Medical College of Wisconsin (Milwaukee, WI)

Introduction

The Division of Neuropsychology in the Department of Neurology at the Medical College of Wisconsin (MCW) in Milwaukee, Wisconsin offers APA-accredited postdoctoral fellowship options in either Adult Neuropsychology or Pediatric Neuropsychology.  The program is a member of the Association of Postdoctoral Programs in Clinical Neuropsychology (APPCN) and participates in the National Match Program for residencies in clinical neuropsychology. The MCW postdoctoral fellowship also is accredited by the American Psychological Association (APA) Committee on Accreditation in the Specialty of Clinical Neuropsychology and adheres to the Houston Conference standards and model.
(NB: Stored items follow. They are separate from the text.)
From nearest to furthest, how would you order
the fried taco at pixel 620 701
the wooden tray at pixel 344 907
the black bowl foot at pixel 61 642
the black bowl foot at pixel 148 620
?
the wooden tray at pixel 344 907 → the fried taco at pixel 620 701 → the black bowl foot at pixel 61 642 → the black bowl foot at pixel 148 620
The program, which recruits three to four fellows per year, offers many unique training opportunities for both adult and pediatric fellows including rotations in the following:

Adult Track Major Rotations:
  • Epilepsy Surgery
  • Memory Disorders
  • General Medical/Psychiatry
  • Forensic/Traumatic Brain Injury

Adult Multidisciplinary Specialty Clinics: Brain Tumor, Normal Pressure Hydrocephalus Amyotrophic Lateral Sclerosis (ALS), Deep Brain Stimulation (DBS)

Pediatric Track Major Rotations:
  • Epilepsy Surgery
  • Preschool and Infant Neuropsychological Testing (PINT)
  • Neurological and Medical Disorders
  • Developmental Disorders/Forensic Evaluations

Pediatric Track Specialty Clinics: Autism Screening, Brain Tumor, Sickle Cell, Sports Concussion and Traumatic Brain Injury, Genetics

Using an apprentice model for training in clinical, research, teaching and supervision, they place a strong emphasis on career mentoring. MCW provides comprehensive didactics and training with competency-based assessment of knowledge and skill to prepare each fellow for board certification with AACN/ABPP.
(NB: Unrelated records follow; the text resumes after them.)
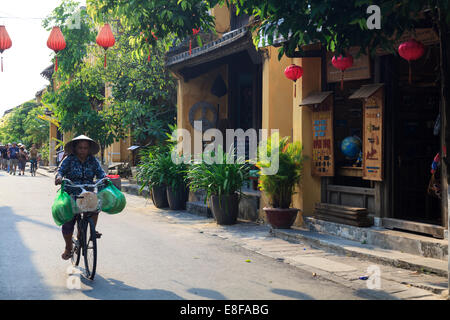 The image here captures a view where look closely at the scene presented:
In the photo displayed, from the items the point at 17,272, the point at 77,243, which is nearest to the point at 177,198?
the point at 77,243

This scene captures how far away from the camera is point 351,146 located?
9.86 metres

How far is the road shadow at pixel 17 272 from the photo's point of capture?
18.6 ft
Amy Heffelfinger, PhD, ABPP-CN, directs the Neuropsychology Postdoctoral Training Program at MCW. She is board certified in clinical neuropsychology and holds the academic rank of Associate Professor of Neurology, Neurosurgery, and Pediatrics. She serves on the Board of Directors for the Association of Postdoctoral Programs in Clinical Neuropsychology (APPCN). She specializes in pediatric neuropsychology, with her current research interests involving attention and executive functioning in preschoolers, neuropsychological functioning in children with Phenylketonuria (PKU), neuropsychological outcomes following pediatric brain tumors, and autism.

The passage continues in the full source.